Son restaurant, à Durtol (Puy-de-Dôme), s’appelle Le Pré. Sa cuisine est une ode aux produits de sa région, l’Auvergne. Les herbes y occupent une place de choix : Xavier Beaudiment, chef deux étoiles au guide Michelin, est un cueilleur de la première heure.
Pour réaliser une belle cueillette, il faut se lever tôt. C’est à l’aube que, caressées par la rosée, les plantes sauvages sont à leur apogée. Depuis onze ans, une fois par semaine, le chef du restaurant Le Pré, à Durtol (2 étoiles au guide Michelin), part de bon matin arpenter les prairies et vallées du Puy-de-Dôme. Il a été formé par le botaniste puydômois Guy Lalière, qui l’accompagne toujours aujourd'hui.
« Comprendre les plantes permet de comprendre le monde végétal. Dans une plante, il y a la tige, la feuille, la fleur, la graine. C’est un ensemble incroyable qui nous permet d’élargir notre palette ». Prenons des plantes aussi communes que la ciboulette ou le persil. Avez-vous déjà pensé à utiliser leurs fleurs ?
Xavier Beaudiment a choisi, dès l’ouverture de son restaurant, d’ouvrir sa cuisine aux plantes sauvages d’Auvergne.
« La Chaîne des puys, c’est une opportunité formidable pour travailler les herbes. Et la meilleure façon de parler de notre territoire, c’est la terre. »
xavier beaudiment
Le végétal et les herbes sauvages se sont naturellement déployés dans le cheminement créatif du chef, participant à la singularité de sa cuisine. « Sur nos cueillettes, on a rencontré près de 250 herbes, comptabilise-t-il. Il y en a 50 que l’on utilise régulièrement ».

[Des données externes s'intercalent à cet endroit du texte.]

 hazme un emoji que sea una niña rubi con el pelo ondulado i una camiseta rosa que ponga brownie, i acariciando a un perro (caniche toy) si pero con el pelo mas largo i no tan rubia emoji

Cuisiner l'ail des ours. Très répandu en Auvergne, l’ail des ours est une plante qui a de la ressource ! Xavier Beaudiment nous donne quelques idées pour la cuisiner. On peut ciseler cette plante comme du persil, pour agrémenter une omelette aux champignons.

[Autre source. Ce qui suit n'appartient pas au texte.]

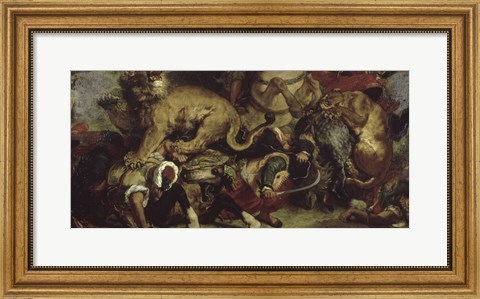 Framed Lion Hunt, 1855 Print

On peut aussi la mixer avec des noisettes torréfiées, de la baie de genévrier, du sel, et de l’huile pour réaliser un pesto d’ail des ours. A savourer avec des pâtes, ou une volaille rôtie, accompagnée d’une crème de pesto.

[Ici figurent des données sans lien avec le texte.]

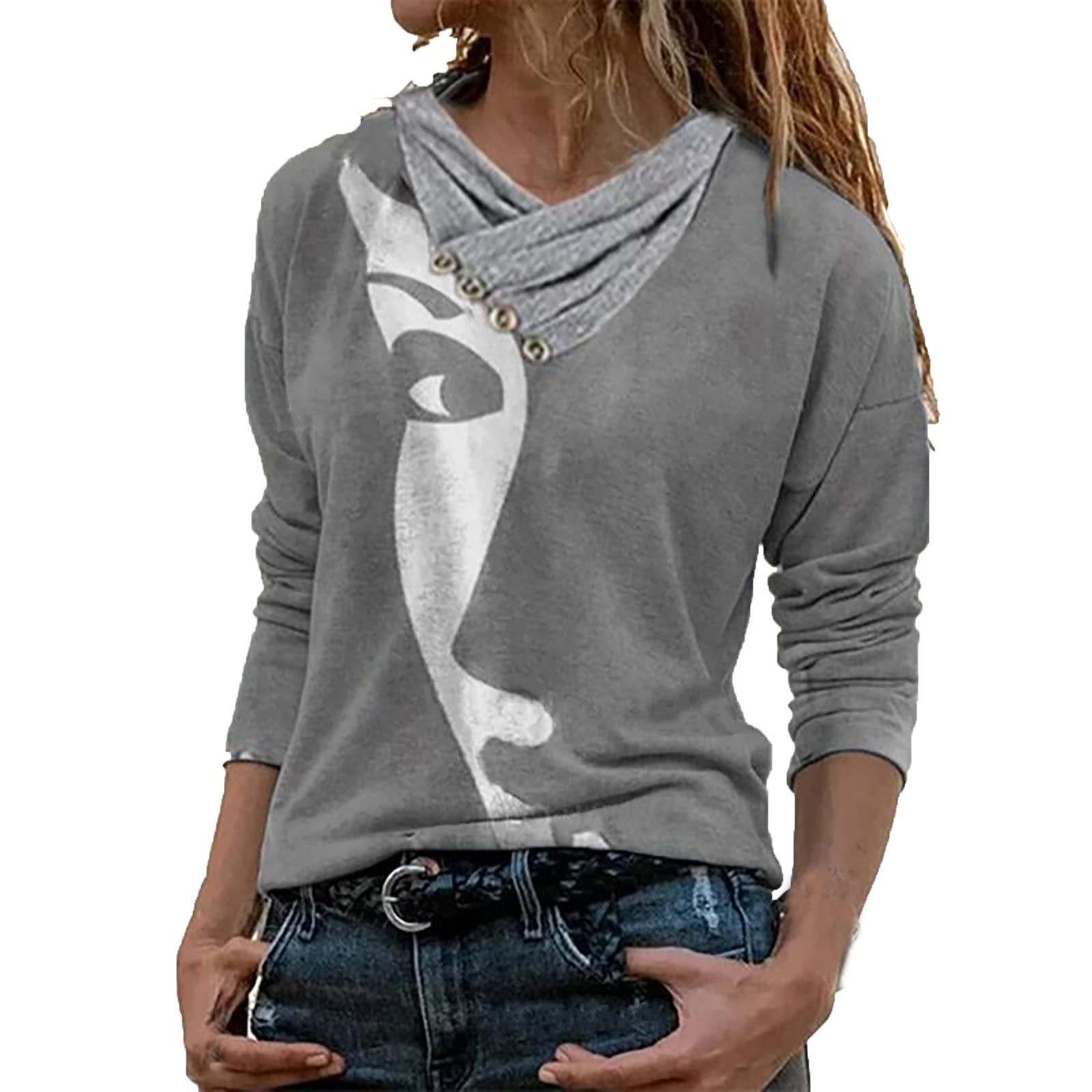 FMCHICO Women's Retro Printed Pullover Blouse - Cross V-Neck Button Down Long Sleeve Casual Top for Fall Fashion | Perfect for Office Wear, Date Nights & Weekend Outfits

Avec son parfum enivrant, la tanaisie en fait partie. Le chef la travaille avec un foie gras juste poché. L’égopode aussi, lui qui se marie à merveille en émulsion avec la morille. L’achillée millefeuille, évoquant l’air iodé de l’océan, accompagne subtilement les salades estivales. La reine-des-prés se prête aux consommés ; le tagète, proche du thym et de l’origan, apporte son grain de sel dans les desserts.
Si la nature auvergnate est riche, elle n'est pas exhaustive. Voilà pourquoi, en plus des cueillettes, Xaver Beaudiment cultive un jardin d'herbes aromatiques.
Une parcelle jouxte le restaurant ; une autre s’épanouit au grand air de la vallée des Saints. Là, Xavier et Florine, sa femme, font pousser de la mélisse, des capucines, de la coriandre, du persil… Ils ont aussi planté des pommiers dont les fruits approvisionneront le restaurant. Comme son mari il y a onze ans, Florine entame aujourd’hui sa formation de spécialiste des plantes sauvages et herbes aromatiques.
« Comme moi, elle est passionnée. Elle a vraiment envie de s’investir dans cette partie », confie le chef, dans un enthousiasme teinté de fierté. De nouvelles saveurs, un nouveau terrain d’inspiration en perspective pour progresser encore, toujours fidèle au credo originel. Du territoire à l’assiette, raconter une (savoureuse) histoire contemporaine.